Material supplied:
.....

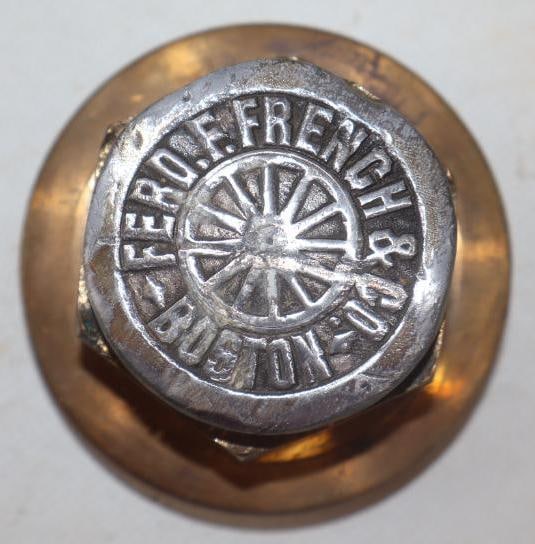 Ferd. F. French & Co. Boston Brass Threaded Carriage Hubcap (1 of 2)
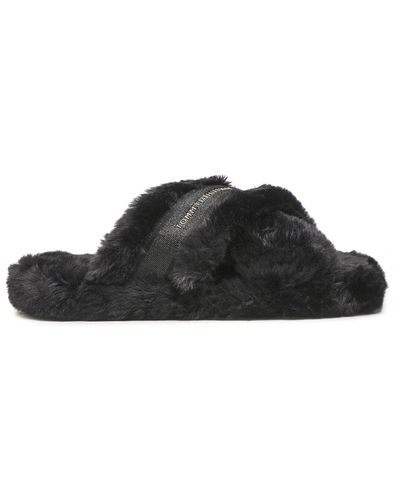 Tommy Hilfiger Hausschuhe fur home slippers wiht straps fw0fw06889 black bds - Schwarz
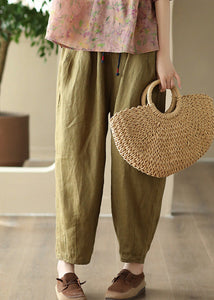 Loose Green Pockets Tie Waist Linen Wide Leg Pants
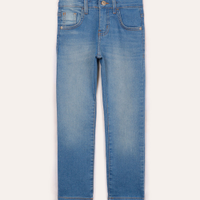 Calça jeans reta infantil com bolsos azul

.....

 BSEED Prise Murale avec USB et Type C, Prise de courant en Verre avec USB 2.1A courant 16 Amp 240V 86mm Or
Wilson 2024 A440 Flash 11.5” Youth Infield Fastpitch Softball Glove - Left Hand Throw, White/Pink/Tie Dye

.....

Please write out, exactly as they appear above, only the lines in the stretch from the line with "BSEED Prise Murale" through the line with "Wilson 2024 A440".

Response to this task:
 BSEED Prise Murale avec USB et Type C, Prise de courant en Verre avec USB 2.1A courant 16 Amp 240V 86mm Or
Wilson 2024 A440 Flash 11.5” Youth Infield Fastpitch Softball Glove - Left Hand Throw, White/Pink/Tie Dye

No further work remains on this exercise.